▶ **Exercise**
Restate every line of the material below word for word, skipping the images.

▶ **Given material**
* * * * * * * * *
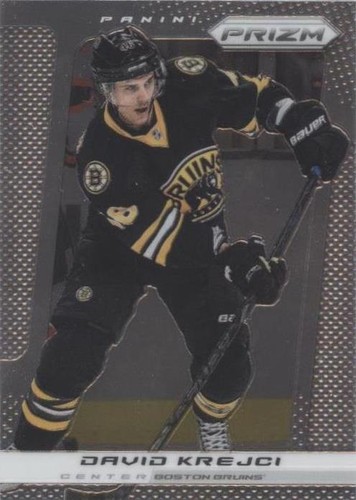 2013-14 Panini Prizm - David Krejci #7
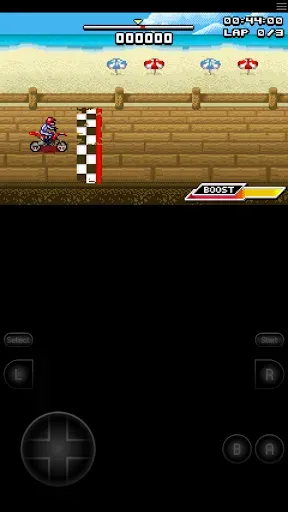 Скриншот 6 — GBA.emu (GBA Emulator)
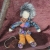 Lala Daga, szmaciana laka, lalka ręcznie szyta, rag doll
* * * * * * * * *
▶ **Expected answer**
 2013-14 Panini Prizm - David Krejci #7
 Скриншот 6 — GBA.emu (GBA Emulator)
 Lala Daga, szmaciana laka, lalka ręcznie szyta, rag doll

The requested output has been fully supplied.